*Problem description*. For the entries that follow, tally the lines holding the string "featuring". Give the total and nothing else.

= Beginning of Section =

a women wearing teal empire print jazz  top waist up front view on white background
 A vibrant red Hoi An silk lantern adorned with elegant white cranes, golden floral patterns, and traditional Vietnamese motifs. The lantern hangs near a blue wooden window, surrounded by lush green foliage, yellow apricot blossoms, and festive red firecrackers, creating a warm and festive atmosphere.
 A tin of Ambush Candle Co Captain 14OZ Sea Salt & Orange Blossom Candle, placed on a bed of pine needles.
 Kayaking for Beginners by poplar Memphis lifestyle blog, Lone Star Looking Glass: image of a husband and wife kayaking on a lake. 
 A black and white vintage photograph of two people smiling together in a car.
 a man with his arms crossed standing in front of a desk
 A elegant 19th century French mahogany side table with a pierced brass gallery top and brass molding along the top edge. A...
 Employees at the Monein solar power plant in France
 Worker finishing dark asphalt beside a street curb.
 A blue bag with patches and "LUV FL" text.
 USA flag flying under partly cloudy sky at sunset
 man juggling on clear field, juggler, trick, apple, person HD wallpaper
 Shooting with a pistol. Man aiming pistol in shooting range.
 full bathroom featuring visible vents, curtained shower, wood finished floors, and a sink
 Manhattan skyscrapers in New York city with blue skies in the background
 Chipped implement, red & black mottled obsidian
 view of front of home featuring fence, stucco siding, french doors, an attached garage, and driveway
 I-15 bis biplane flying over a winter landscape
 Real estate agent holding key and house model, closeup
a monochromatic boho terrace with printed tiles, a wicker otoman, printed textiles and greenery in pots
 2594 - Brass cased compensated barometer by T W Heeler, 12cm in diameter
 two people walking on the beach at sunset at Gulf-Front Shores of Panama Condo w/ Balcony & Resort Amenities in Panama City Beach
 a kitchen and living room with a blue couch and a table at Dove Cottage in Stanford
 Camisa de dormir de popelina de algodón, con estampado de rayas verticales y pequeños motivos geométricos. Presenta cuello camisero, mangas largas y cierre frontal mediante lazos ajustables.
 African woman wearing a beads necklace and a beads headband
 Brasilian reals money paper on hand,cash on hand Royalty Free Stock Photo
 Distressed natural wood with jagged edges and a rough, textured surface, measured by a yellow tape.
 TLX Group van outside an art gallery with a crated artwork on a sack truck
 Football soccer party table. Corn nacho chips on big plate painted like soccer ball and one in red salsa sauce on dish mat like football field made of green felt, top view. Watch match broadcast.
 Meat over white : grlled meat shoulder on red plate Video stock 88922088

= End of Section =

*Written response*. 2